Asked by CNI Follower · 3 months ago · 13-12-2025

Short term, Trent Ltd (NSE: TRENT) is in a weak technical phase with a downward-to-sideways bias, despite strong long-term business commentary from brokerages.

1. Current technical setup (as of 12 Dec 2025 data)

- Price is around ₹4,000 (last close about ₹4,045) and has nearly halved from its 52‑week / record high near ₹8,300. (businesstoday.in)

- It is trading below all key moving averages (5, 10, 20, 50, 100, 150, 200‑DMA), which indicates a firmly established downtrend. (businesstoday.in)

- Recent 52‑week low is near ₹3,930, showing that every bounce is being sold into. (businesstoday.in)

- RSI (14) is around 27 (oversold zone), with several momentum oscillators showing “buy/oversold” but the overall technical verdict on the stock is still “Sell” because price is below all major averages. (tipranks.com)

2. Short‑term (next few weeks) directional bias

- Primary bias: Weak / corrective. Trend remains down, so short‑term rallies are likely to face supply.

- Volatility risk: After a fall of ~50% from the peak and a series of negative reactions to quarterly updates and analyst downgrades through 2025, sharp 5–10% counter‑trend moves (short‑covering bounces) are possible, but the structure is still corrective. (financialexpress.com)

3. Important short‑term zones (approximate, not intraday levels)

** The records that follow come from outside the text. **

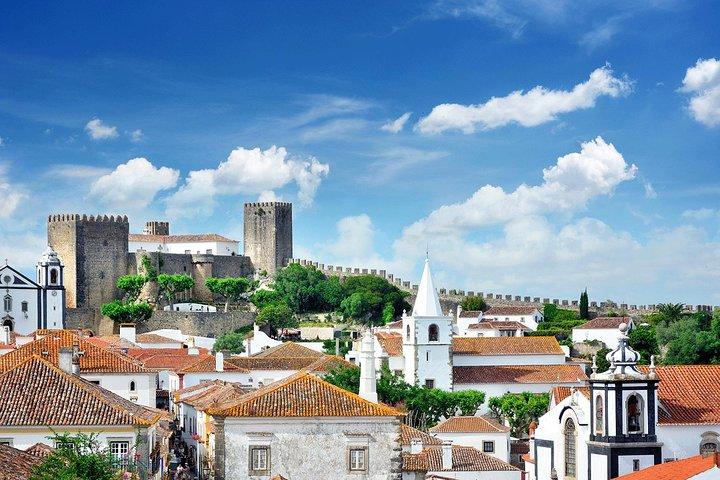 Safe Private Tour - Nazaré Big Waves & Medieval Óbidos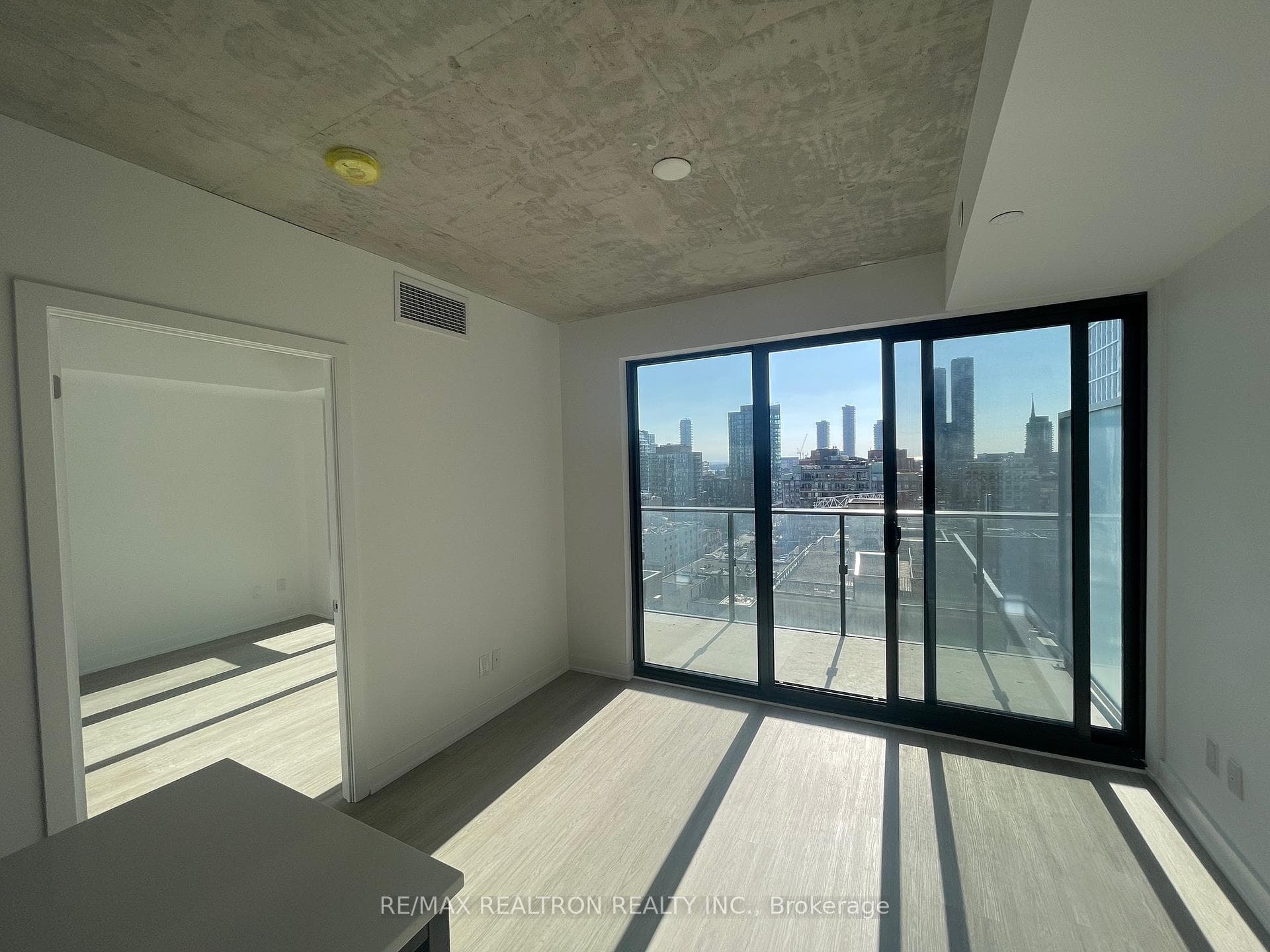 47 Mutual Street Unit 1301 photo 7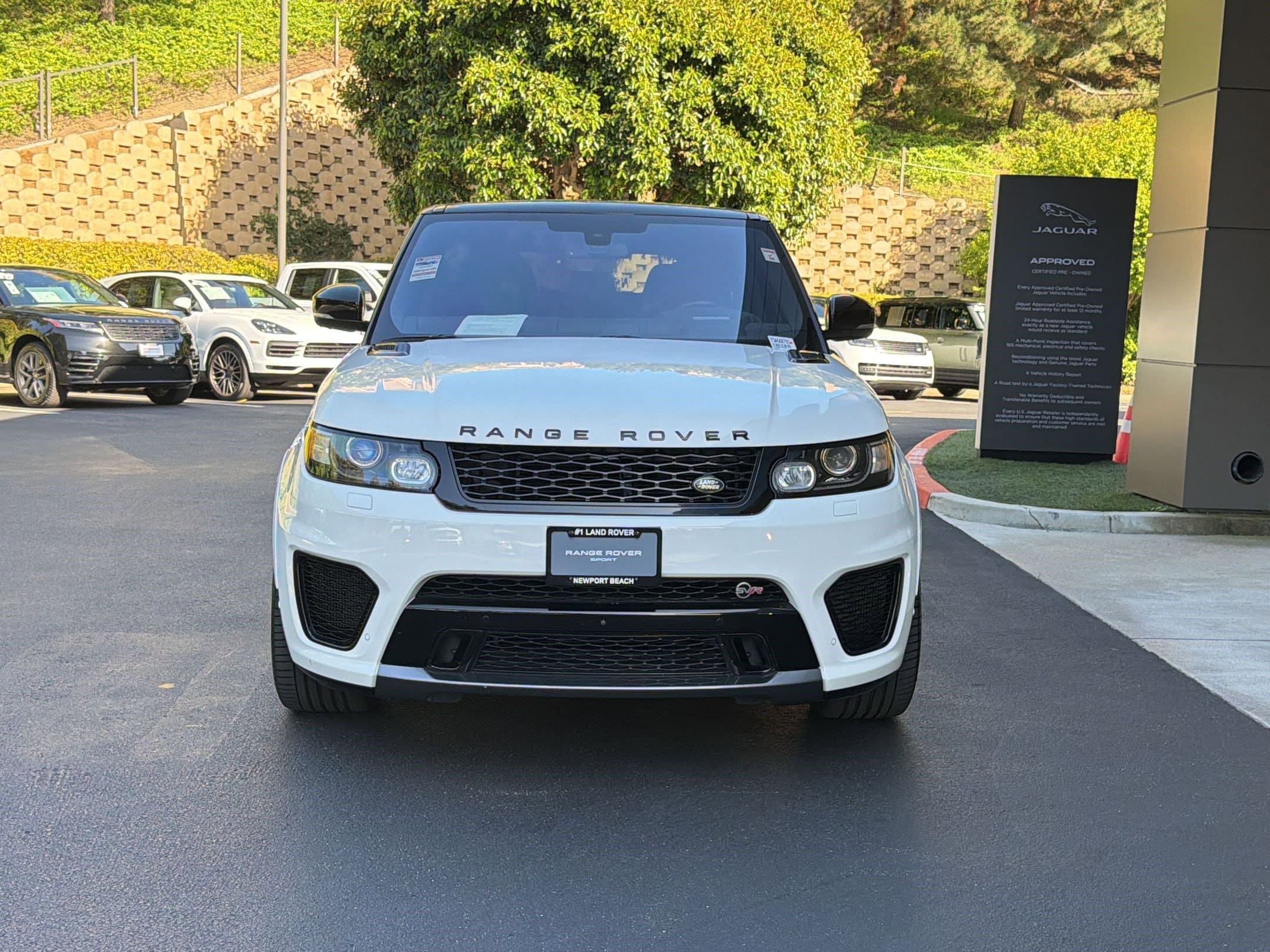 2016 Land Rover Range Rover Sport V8 SVR photo 5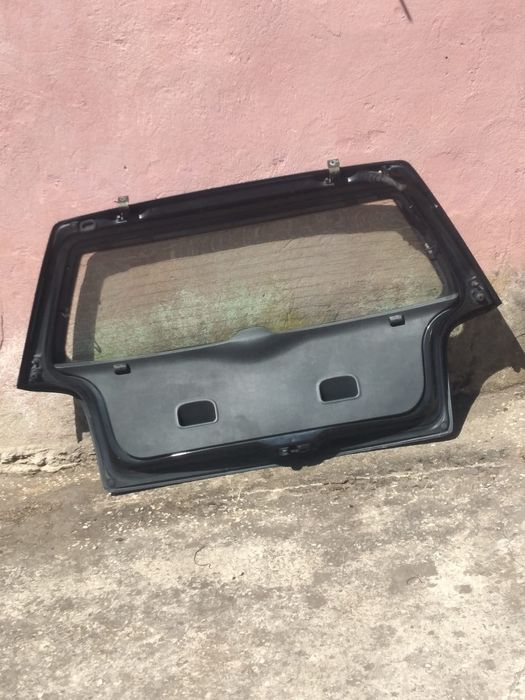 Tampa Mala VW POLO 6N2 Ano 2000 Completa Cor Preto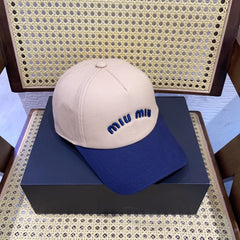MM BASEBALL CAP IN LIGHT BEIGE AND NAVY BLUE FABRIC WITH LOGO EMBROIDERY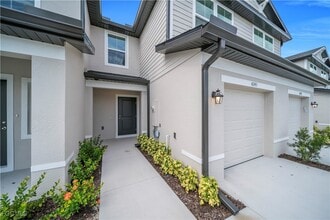 4243 Caterina Ct in North Fort Myers, FL - Building Photo - Building Photo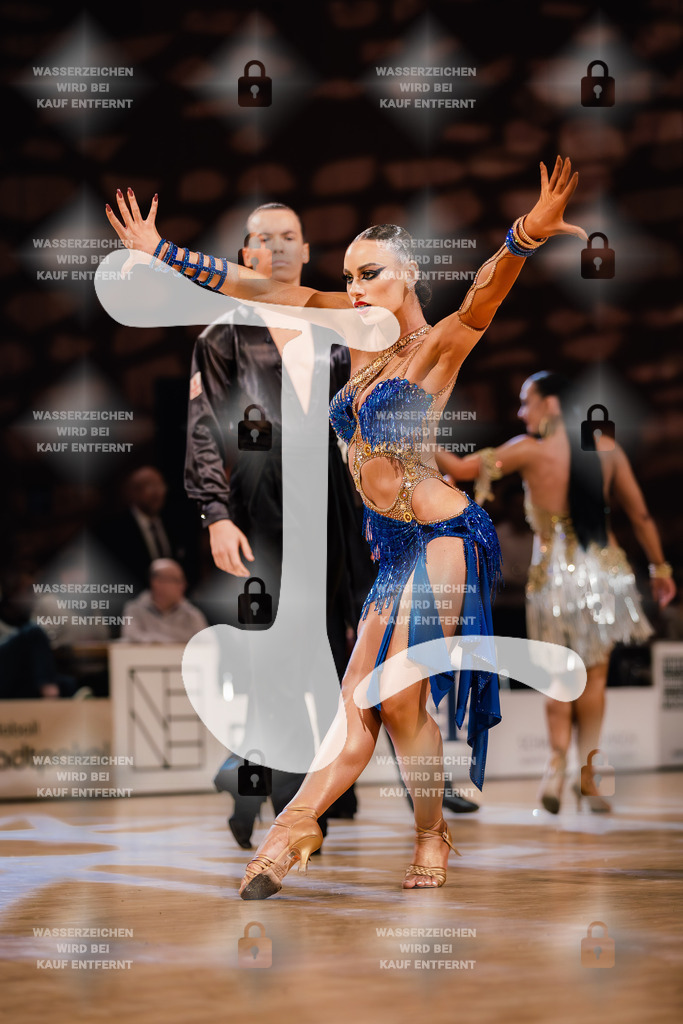 Goldstadtpokal 2025 - WDSF World Open Latin 22nd (25) Maximilian Bier _ Eveline Ishchenko (Schwarz Weiß Club Pforzheim)-2025-01-25-7724 | Webshop for digital downloads and prints of dance sport, event & show photographer Julian Link - Realisiert mit Pictrs.com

These are technical reference zones, not recommendations:

- Support zone:

- ₹3,900–4,000: recent 52‑week low / psychological round number. A clean breakdown and sustained trade below this band often signals continuation of the downtrend. (businesstoday.in)

- Resistance / supply zones:

- ₹4,250–4,500: near the 20‑DMA and 50‑DMA cluster; first major resistance area.

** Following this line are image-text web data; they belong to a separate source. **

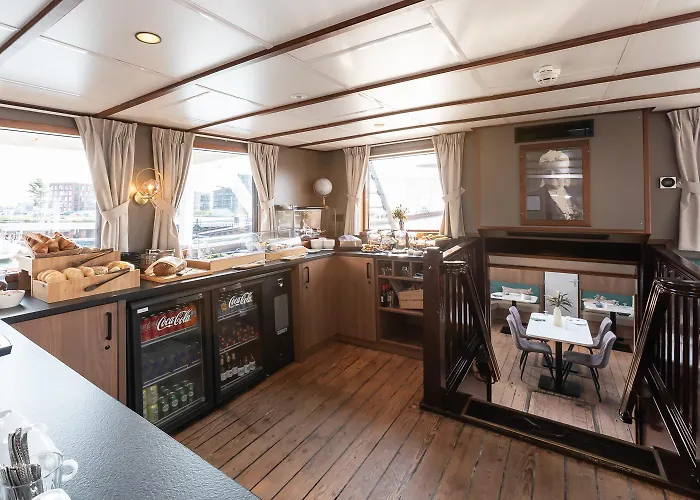 Hotelboot Koningin Emma I Kloeg Collection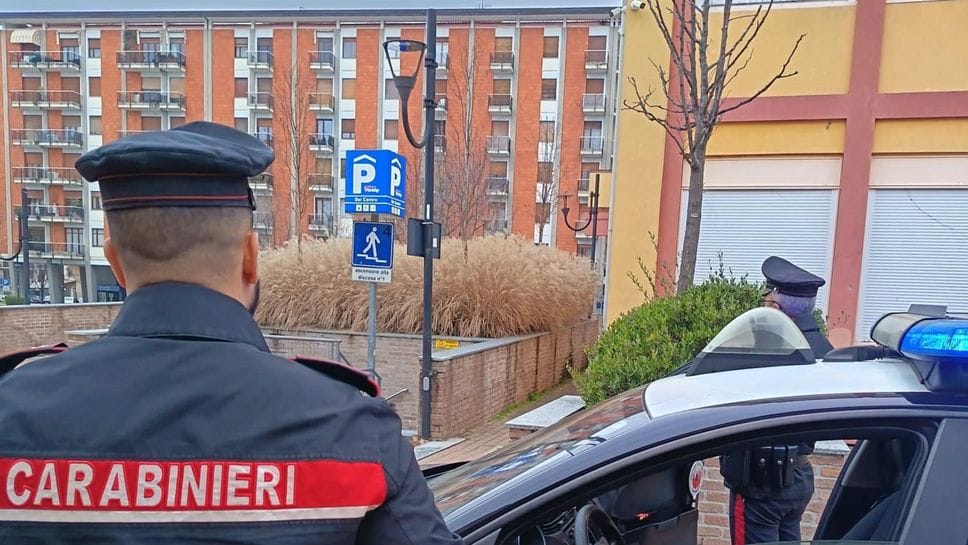 Trascina per strada ragazza di 16 anni: arrestato
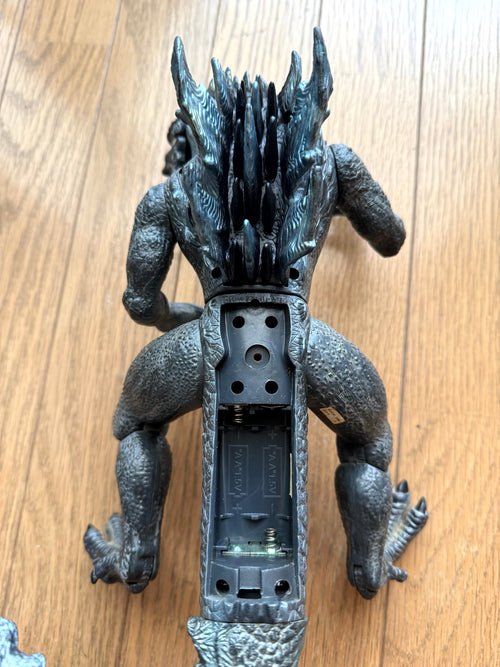 Godzilla 1998 "Living Godzilla" — Bandai Japan Electronic Figure, 30 cm, Tested & Roaring (Trendmasters)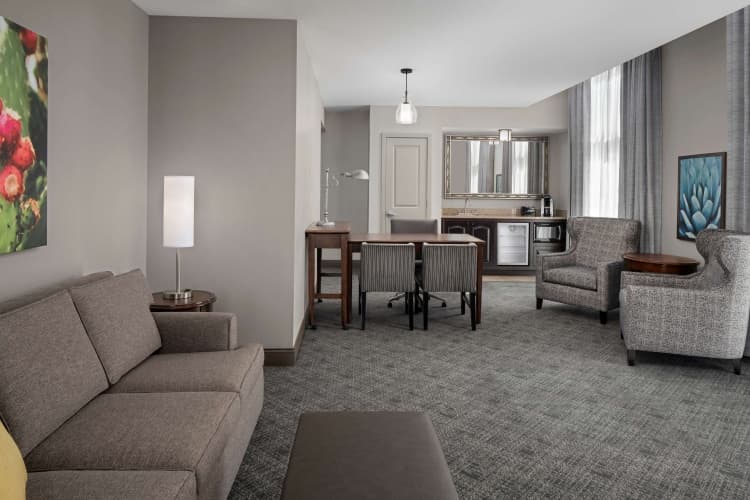 Embassy Suites by Hilton San Antonio Riverwalk Downtown photo 5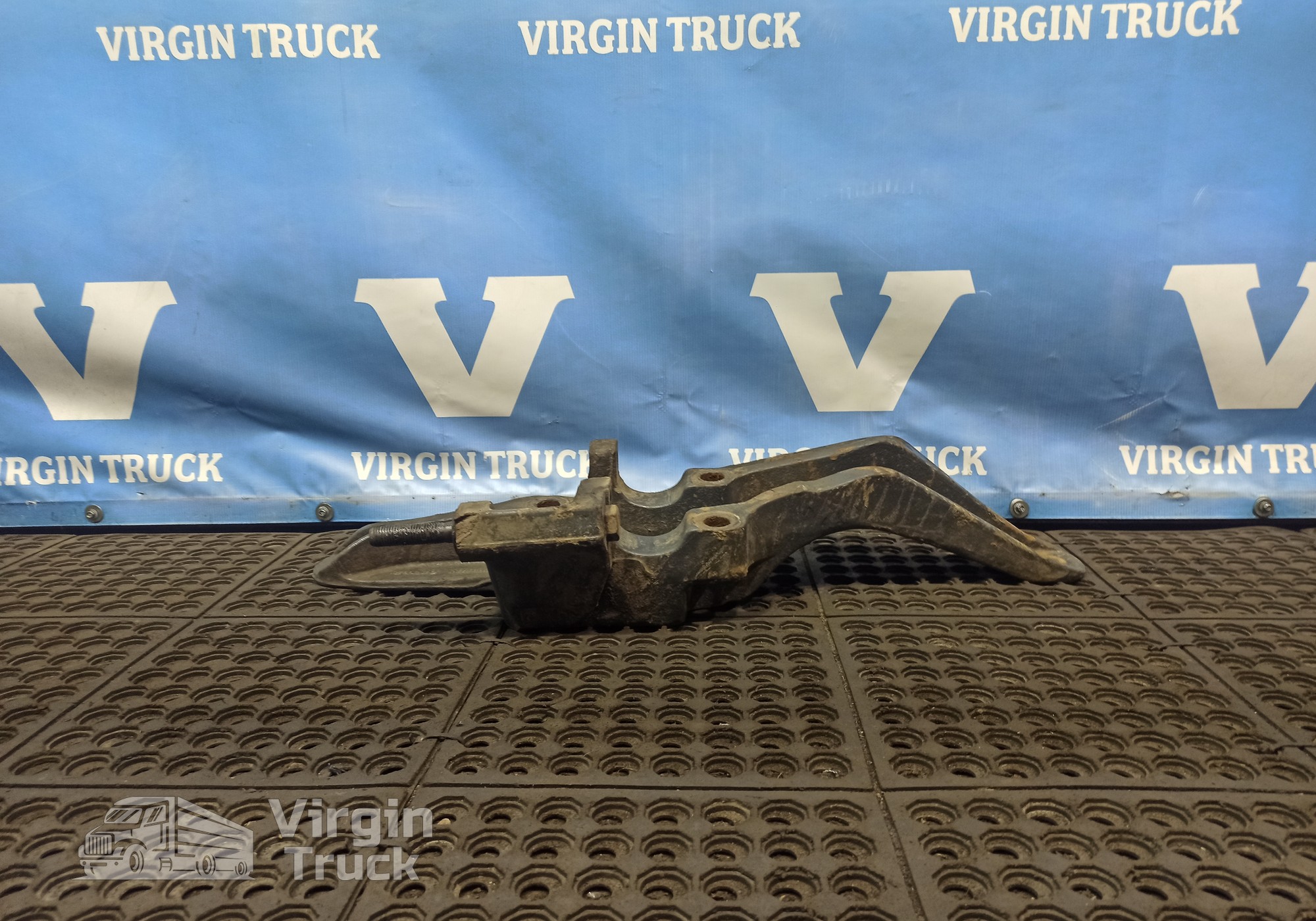 20704076 Кронштейн пневморессоры правый для Volvo FH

- ₹5,000–4,600+: region of some recent brokerage targets and higher moving averages; likely to invite heavy profit‑taking unless accompanied by strong volumes and positive news. (tipranks.com)

4. How traders typically look at this kind of setup (example approach)

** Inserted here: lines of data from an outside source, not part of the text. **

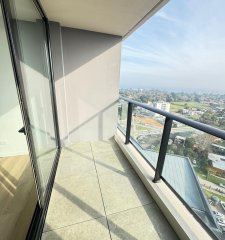 Vendo Apartamento, 1 dormitorio, balcón, cochera, amenities, a estrenar, Punta del este, Maldonado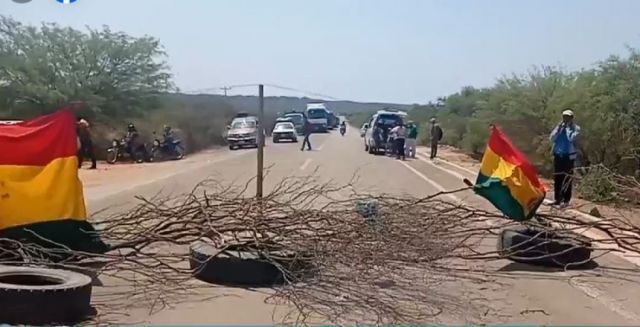 La ruta 9 en Boyuibe se encuentra bloqueada en apoyo al Censo 2023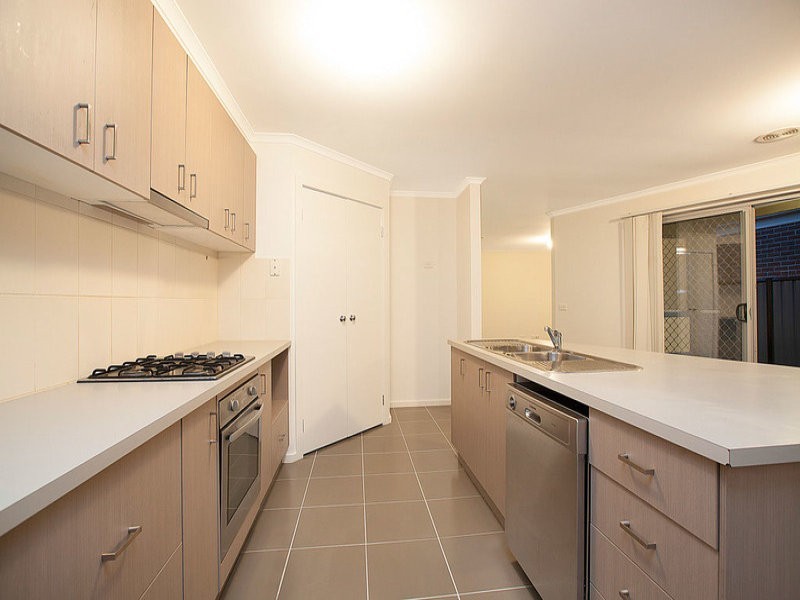 11 Oliver Place, Point Cook VIC 3030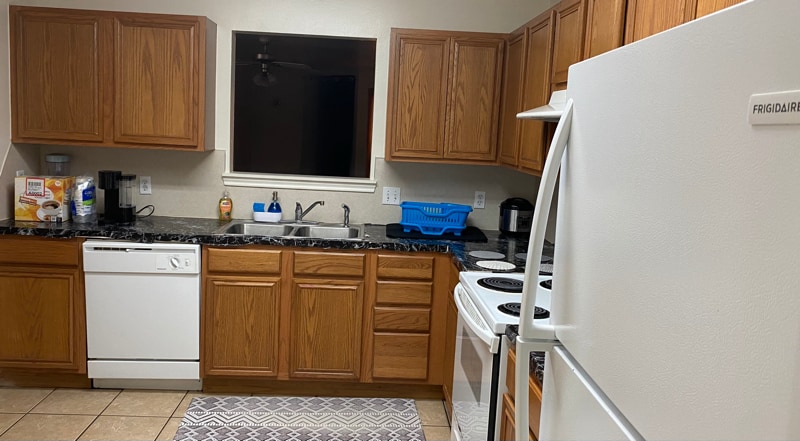 Building Photo - 512 N Chicago Ave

_(Illustrative only, not advice)_

- In a stock that is:

- Below all key DMAs,

- Recently made a new 52‑week low, and

- Has oversold momentum indicators,

short‑term traders often:

- Treat bounces into the 20‑DMA / 50‑DMA (roughly ₹4,250–4,500 area right now) as potential sell‑on‑rise zones until price closes and sustains above them with strong volume. (tipranks.com)

- Watch the ₹3,900–4,000 support zone: a decisive breakdown can attract momentum shorts; a strong reversal pattern from this band with high volume can sometimes trigger a short‑covering rally.

5. Fundamental / brokerage backdrop (why stock might stabilise later, but not necessarily immediately)

- Despite the 2025 correction (fall of ~30%+ during the year) brokerages like Motilal Oswal and Bernstein have maintained positive long‑term stances with targets significantly above current levels, citing store expansion (Westside, Zudio), new categories and long‑term growth visibility. (financialexpress.com)

- However, growth from recent quarters has moderated versus the very strong base, and some global brokers have cut targets and ratings, which is weighing on the short‑term sentiment and valuation. (financialexpress.com)

6. Practical takeaway for the short term

- The trend is still down and the stock is technically weak in the near term.

- Short‑term trading on the long side is higher risk unless:

- The price reclaims at least the 20‑DMA / 50‑DMA zone (roughly above ₹4,250–4,500) with strong volume, and

- There is a clear bullish pattern or strong positive news.

- Until then, the market is likely to treat it as a high‑beta, trend‑down name: bounces are vulnerable, and any fresh negative news/earnings miss can push it to new lows.

Live intraday data is not directly accessible here, so all levels/commentary are based on end‑of‑day and recent published data up to 12–13 December 2025 and should be cross‑checked on your trading terminal before taking any position.